- IATA: none; ICAO: KBUY; FAA LID: BUY;

Summary
- Airport type: Public
- Owner: Burlington–Alamance Airport Authority
- Serves: Burlington, North Carolina
- Elevation AMSL: 616 ft (188 m)
- Coordinates: 36°02′55″N 079°28′30″W﻿ / ﻿36.04861°N 79.47500°W

Map
- BUY Location of airport in North Carolina

Runways
| Direction | Length |  | Surface |
| ft | m |
| 6/24 | 6,405 | 1,952 | Asphalt |

Statistics (2011)
- Aircraft operations: 50,450is
- Based aircraft: 123
- Source: Federal Aviation Administration

= Burlington–Alamance Regional Airport =

Airport in North Carolina, United States

Burlington–Alamance Regional Airport is a public use airport in Alamance County, North Carolina, United States. It is located three nautical miles (6 km) southwest of the central business district of Burlington, North Carolina, and is owned by the Burlington–Alamance Airport Authority. This airport is included in the National Plan of Integrated Airport Systems for 2011–2015, which categorized it as a general aviation facility.
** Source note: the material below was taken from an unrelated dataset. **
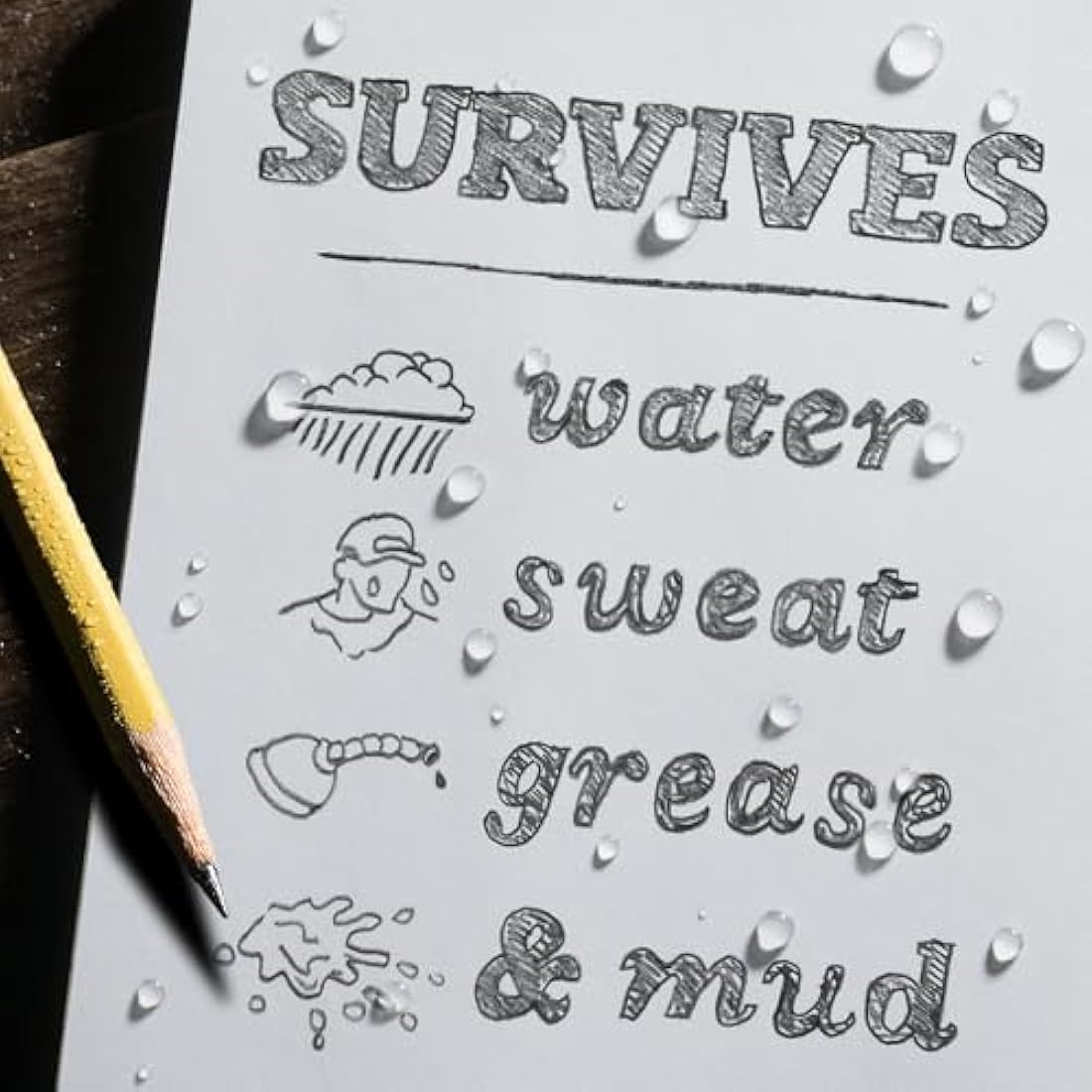 Rite in the Rain Waterproof Notebook – 4x6 Top Spiral All-Weather Grey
Although most U.S. airports use the same three-letter location identifier for the FAA and IATA, this airport is assigned BUY by the FAA but has no designation from the IATA (which assigned BUY to Bunbury Airport in Bunbury, Western Australia, Australia). The airport's ICAO identifier is KBUY.

Burlington–Alamance is a small airport, serving small planes like Cessnas and rebuilt Mustangs. It also has a pilot training school. There is no charge for landing or taking off at the airport; it makes money through the sale of fuel and hangar space.

== History ==
On September 18, 2008, it was announced that the one runway at Burlington–Alamance, runway 6/24, would be extended from 5,000 feet to 6,400 feet. The main reason for the runway extension was to connect the airport to the new Honda Aero headquarters and manufacturing plant. Construction was completed in 2012.
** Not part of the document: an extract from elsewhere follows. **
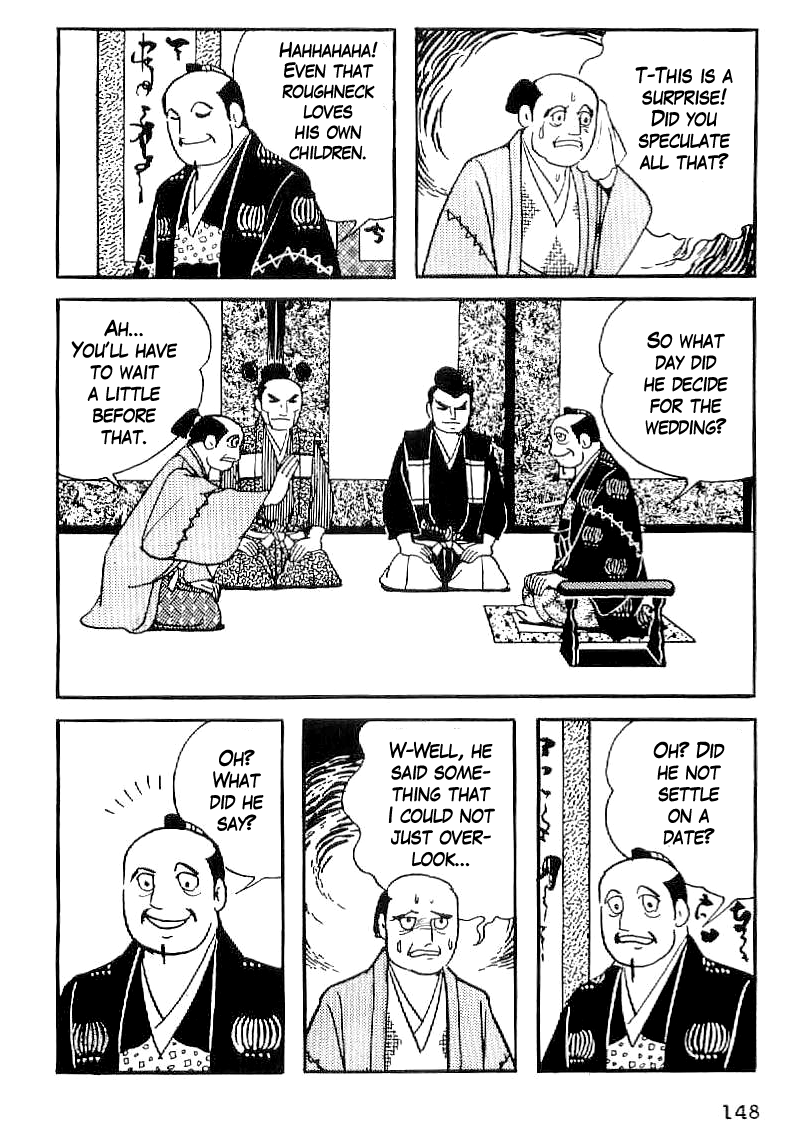 Date Masamune (YOKOYAMA Mitsuteru) Chapter 35 page 15 - Chapter 35: Drema of a Sea Bream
== Facilities and aircraft ==
Burlington–Alamance Regional Airport covers an area of 500 acres (202 ha) at an elevation of 616 feet (188 m) above mean sea level. It has one runway designated 6/24 with an asphalt surface measuring 6,405 by 99 feet.

For the 12-month period ending August 5, 2011, the airport had 50,450 aircraft operations, an average of 138 per day: 97% general aviation, 2% air taxi, and 1% military.
At that time there were 123 aircraft based at this airport: 81% single-engine, 15% multi-engine, 4% jet, and 1% helicopter.